I know that kite surfing is a highly technical sport and has a steep learning curve. Watching the surfer go back and forth across the bay to and from shore makes me realize this could be very difficult to learn. I continue observing for another 20 minutes. The surfer battles the wind. Sometimes he is able to tame it. Other times, it tames him. I watch him take flight and gently land. Wow, is that cool! Finally, I move on. I have learned a great deal this morning.

The view from the west side of the Malecon is quite stunning. I am impressed with La Paz so far. It has a laid-back vibe. I spend the rest of the day wandering thru the city center. 

When I return to the hostel, Emily, who is also from Canada but has been traveling for several years, says, "If you are looking for a place to eat lunch, Nomada downtown is fantastic! It's all organic too." That's my type of place! 

I take time to research the details of learning to kite surf. First, I will need to travel to La Ventana. That is where all the kite surfing schools are. Second, three days of kite surfing costs around $900 USD for instruction and gear. Third, La Ventana is a difficult place to learn kite surfing. The winds are powerful, and the water is deep. And fourth, kite surfing has a high start-up cost. Purchasing my equipment in the future would cost me somewhere between $3,000-$5,000 USD. 

I would be better off postponing my desire to learn now. Although there are many places I could learn, maybe this isn't the best place to learn? 

So I head back out for lunch, pondering other activities I can do. When I reach Nomada, I order a freshly squeezed ginger lemonade and a quinoa bowl with cucumber, tomatoes, olives, chickpeas, onions, and feta cheese. I didn't expect to find this in Mexico! The sign outside the door says, "We prepare slow food here!" It makes me laugh and feel good that the pace of serving food is slower here. Mexicans also implement the North American food service approach, bringing food out quickly and flipping tables multiple times per night.

I choose to stay in a hostel in La Paz to allow me more flexibility and to meet fellow travelers. Hostels are an excellent way to quickly pick up the ins and outs of places, such as do's and don'ts, or businesses to experience. In addition, this hostel offers Whale Shark tours. This is a 3-hour excursion where we can swim with Whale Sharks. La Paz is one of the few places in the world where I can do this, and it is unique to La Paz in Baja. 

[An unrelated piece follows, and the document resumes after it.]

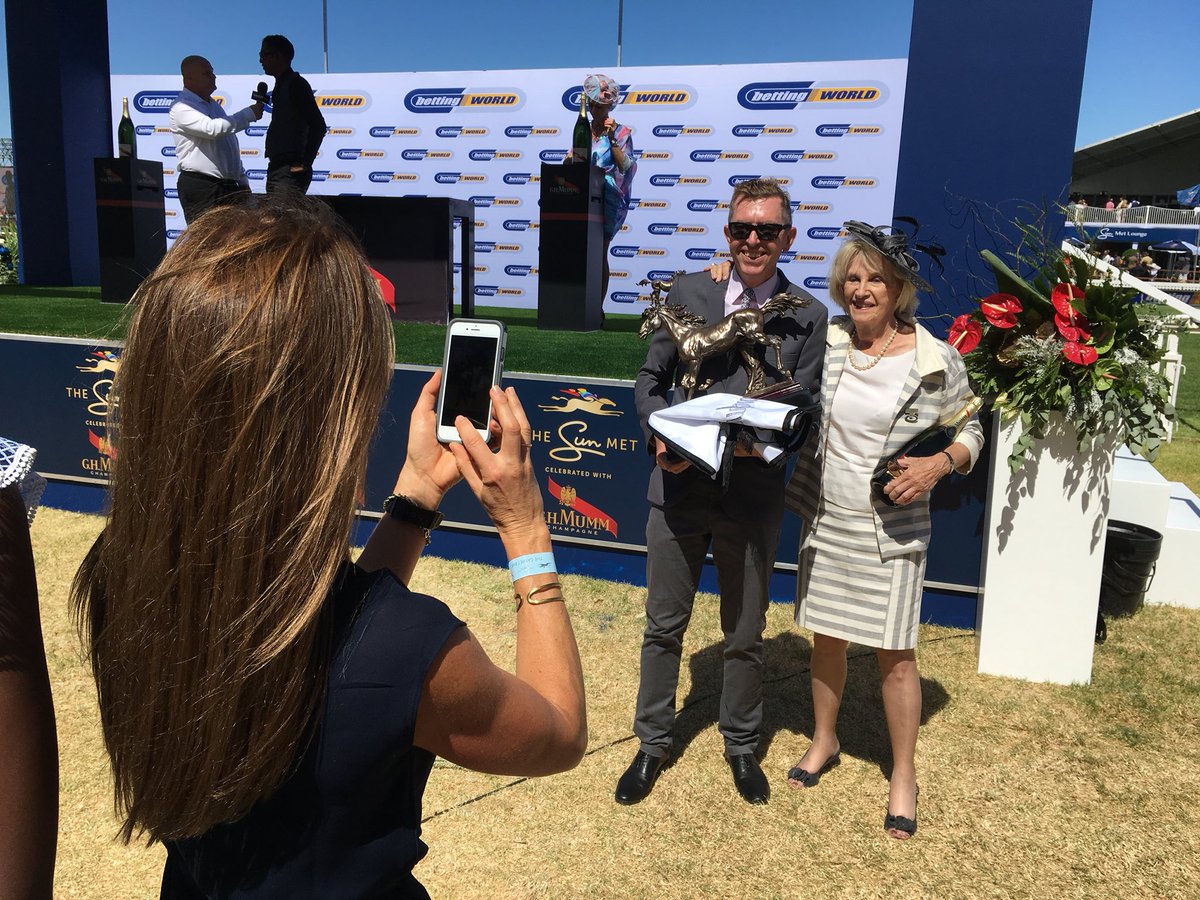 Paul_Raphaely's tweet photo. So proud of @oscarfoulkes and Veronica. Sergeant Hardy destroyed the field for a fantastic win at The Met #MyInLaws https://t.co/EatyBrcr1X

Other options available to me include additional whale-watching tours. For example, Grey Whales can be observed near Magdelena Bay along the Pacific Ocean. Grey Whales are unique in that they expect to be petted by observers, and frequently, if they approach a boat and are not touched by humans, they swim away. Near Loreto, Blue Whales, Fin Whales, and Humpies can be observed. And the snorkeling near Loreto is fantastic!

So, when I return to lunch, I start picking other travelers' brains. Emily tells me that I can do a whale shark tour in La Paz for 1,100 Pesos ($61 USD). That has a lot of appeals. Kevin (from Germany) gives me the details of his Grey Whale experience at San Ignacio Lagoon. A quick check tells me it is 8.5 hours away. But Alizée (France) shares with me that she has been looking at Magdelena Bay which is < half that distance and can easily be attained from Loreto. Ashtyn (New Mexico) says he had a great time in Todos Santos and has baby sea turtles walk over her feet on the way to the Pacific Ocean.

Lots of information and great ideas are coming together. I love this kind of synergistic energy. Everyone is trying to help each other and working towards a common goal. There is something beautiful about this creative process. This is how new ideas are born, and some of my unique experiences comes together. 

Why can't people come together in this fashion every day?